The UN World Food Programme (WFP) suspended on Monday all shipments of humanitarian assistance to Somalia following the hijacking of a WFP-chartered vessel carrying food aid for 28,000 tsunami survivors.
"The decision was taken because of the insecurity of Somali waters along the east coast," WFP said in a statement. "It will be reviewed depending on the release of the detained relief food, vessel and crew."
The MV Semlow was hijacked on 27 June between Haradheere and Hobyo, some 300 km northeast of the capital, Mogadishu.
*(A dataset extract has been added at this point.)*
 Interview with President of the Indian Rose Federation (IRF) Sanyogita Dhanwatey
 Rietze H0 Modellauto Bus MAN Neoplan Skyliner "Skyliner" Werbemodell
WFP had chartered the ship from the Kenyan port of Mombasa, with a crew that included a Sri Lankan captain, a Tanzanian engineer and eight Kenyan crew members.
"If there is a quick, favourable solution, we hope there will be no major interruption of WFP operations in the country," WFP Somalia Country Director, Robert Hauser, said.
"The 10 crew members are reported to be in good health and we remain hopeful that the humanitarian cargo on the MV Semlow will be allowed to continue its journey to Bossaso in the northeast of the country unconditionally," he added. "But for now, the waters off the Somali coast present too great a threat to send further shipments."
WFP said a government delegation had travelled to Harardheere District to facilitate the release of the food, the vessel and the crew. The head of this mission, Hirsi Aden Roble, the Somali transitional vice-minister of ministry of marine transport, was joined other influential elders.
The vessel left Mombasa on 23 June destined for Bossaso in Puntland, carrying 850 tonnes of rice donated by Japan and Germany.